La totalité des sanctions occidentales adoptées en réponse à la guerre en Ukraine n’est toujours pas connue, leur effet encore difficilement mesurable, que déjà se pose une question : la fameuse résilience russe pourrait-elle être mise à mal ? Aucune panique ne se manifeste dans le pays, mais une fébrilité évidente. Son premier symptôme : les longues files d’attente devant des distributeurs de billets parfois à sec.
Durant le week-end, c’est vers les devises étrangères, gage de sécurité, que se tournaient les Russes ; lundi, de nombreux distributeurs ne donnaient que des sommes limitées, même s’agissant des roubles. En 2014, après de premières sanctions infligées déjà pour la guerre en Ukraine et l’annexion de la Crimée, aucun mouvement de la sorte n’avait été observé. Le choc anticipé pourrait plutôt s’apparenter à celui de 1998, crise financière dont le traumatisme est toujours présent en Russie.

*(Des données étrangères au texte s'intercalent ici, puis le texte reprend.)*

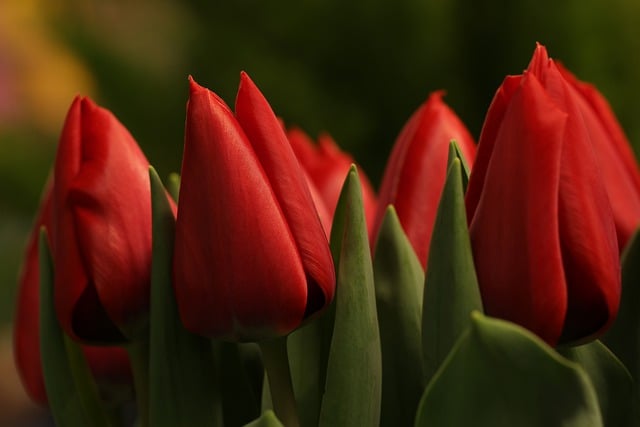 Free download red tulips flowers tulips free picture to be edited with GIMP free online image editor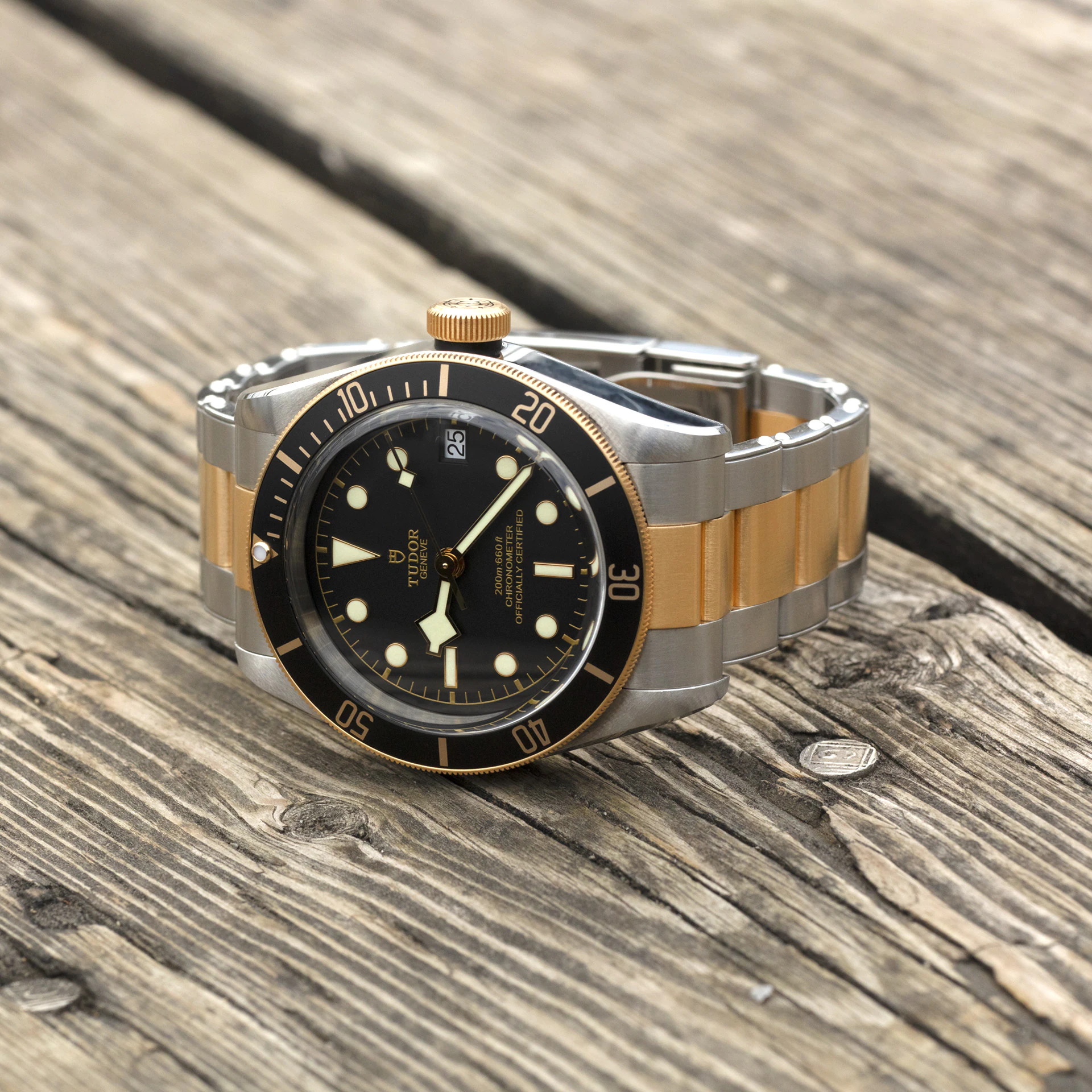 Tudor Black Bay S&G, 41mm, Stainless Steel and 18k Yellow Gold, Ref# M79733N-0008, Main view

Il est un autre indicateur dont les Russes, quasi instinctivement, savent surveiller les soubresauts. Celui des taux de change du dollar et de l’euro, qui s’affichent en caractères lumineux dans les rues, sur les devantures des bureaux de change. Le chiffre des 100 roubles pour 1 dollar n’avait jamais été dépassé dans l’histoire ; il est monté, lundi 28 février, jusqu’à 109 roubles, et l’euro jusqu’à 127 roubles.
Des prix qui changent plusieurs fois par jour
Dans un pays où 43 % des habitants disent ne pas avoir la moindre épargne, l’effet peut être dévastateur, et ce alors que les prix des produits de première nécessité ont déjà fortement augmenté depuis un an et que le niveau de vie a reculé en continu depuis 2013. Les prix des biens électroniques ou des voitures se sont déjà envolés. Dès le 25 février, les Russes s’étaient rués dans les magasins d’électronique en anticipant la crise. Ensuite, on a vu des vendeurs changer les prix plusieurs fois par jour.
L’inquiétude est encore contenue, devant un distributeur de la banque Raiffeisen dans le centre de Moscou. La banque ne fait pas partie de celles qui devraient être visées par l’exclusion du système de communications Swift, mais comme le dit Pavel P., « on a connu trop de chocs pour ne pas être un peu prudents ». La machine, elle, refuse de donner plus que 10 000 roubles (environ 85 euros). « On sait que les Occidentaux nous imposent des sanctions pour tout et n’importe quoi », précise cet homme d’une cinquantaine d’années.
C’est précisément la ligne de la télévision, qui s’est massivement emparée du sujet sanctions pour dénoncer une nouvelle attaque de l’Occident. « Ce ne sont pas les oligarques qui sont visés mais le peuple, dénonçait dimanche soir le présentateur vedette Vladimir Soloviev. Uniquement pour ce que nous sommes, pour nos noms russes. » Le lien avec la guerre en Ukraine, rendue quasiment invisible dans les médias, n’est pas fait.